1. DEFINITIONSAs used in this Agreement, the following terms shall have the following definitions:
"Act" shall mean the Federal Aviation Act of 1958, as amended from time to time.
"Aggregate Principal Obligations" shall mean the sum of (a) the Indenture Principal Obligations, plus (b) the Facility Principal Obligations.
"Agreement" shall mean this Aircraft Chattel Mortgage, Security Agreement, and Assignment of Rents, any concurrent or subsequent exhibits or schedules to this Aircraft Chattel Mortgage, Security Agreement, and Assignment of Rents, and any extensions, supplements, amendments or modifications to this Aircraft Chattel Mortgage, Security Agreement, and Assignment of Rents, and/or to any such exhibits or schedules, including, without limitation, any and all Supplements executed and delivered from time to time as provided herein.

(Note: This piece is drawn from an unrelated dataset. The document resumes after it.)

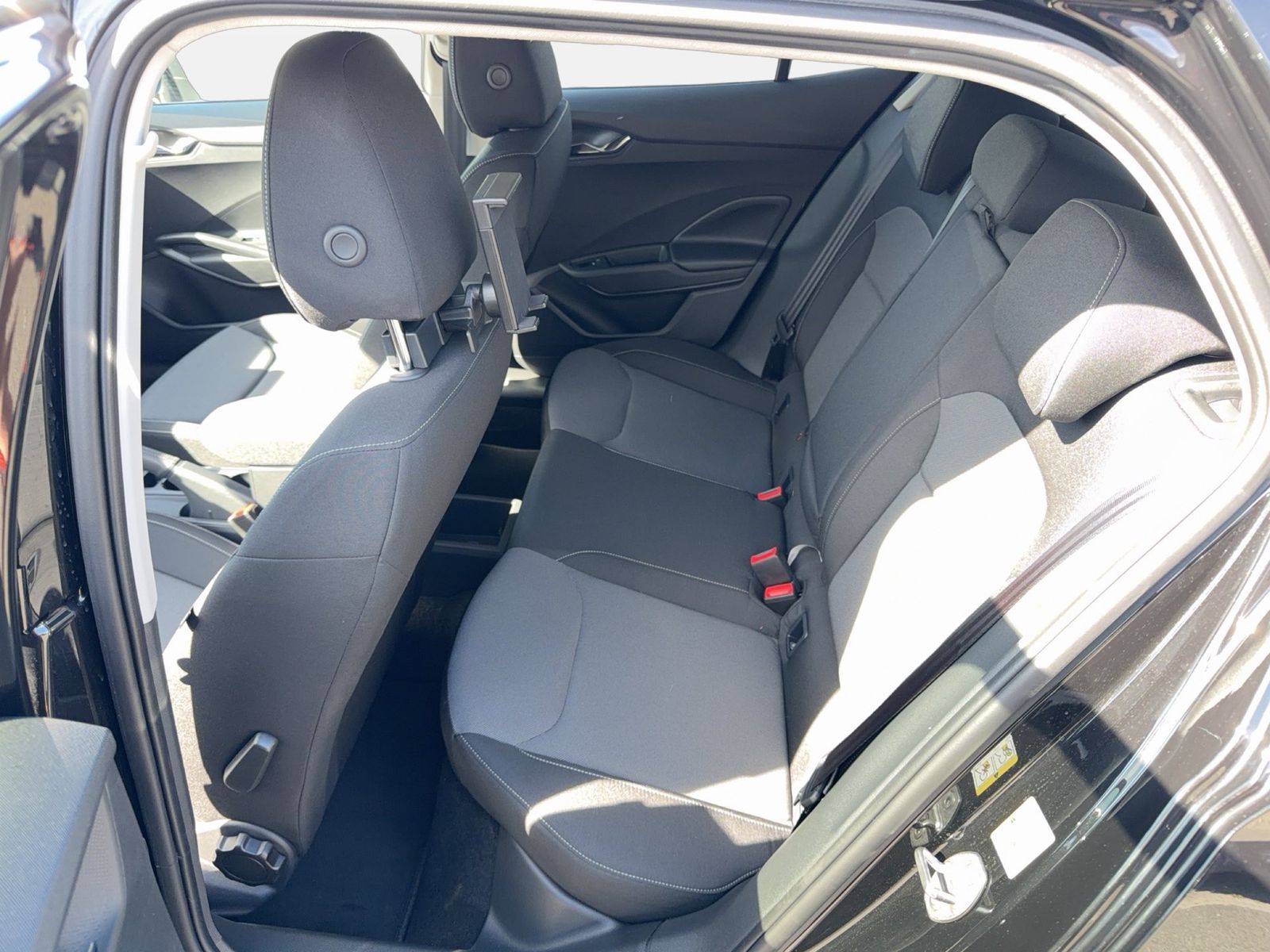 Fahrzeug autohaus mense Fahrzeugabbildung SKODA Fabia 1.5 TSI Balance LED Navi VirtualCP PDC - mit KI generiert/bearbeitet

"Airframe" shall mean each of those certain airframes identified on Schedule I hereto, and each of those airframes identified on Schedule I to any Supplement, together with any and all Parts from time to time incorporated or installed in or attached to any of such Airframes or required to be subject to the lien of this Agreement, and all improvements, additions, and appurtenances thereto, substitutions thereof and replacements thereto, whether now or hereafter attached thereto or installed thereon.
"Avoided Payment" shall have the meaning given such term in Section 4.7(c).
"Borrower" and "Borrowers" shall have the meanings provided in the Preliminary Statements of this Agreement.
"Collateral" shall have the meaning provided in Section 2.1.
"Collateral Agent" shall mean the Administrative Agent under the Credit Agreement, or its designee(s), in its capacity as collateral agent hereunder.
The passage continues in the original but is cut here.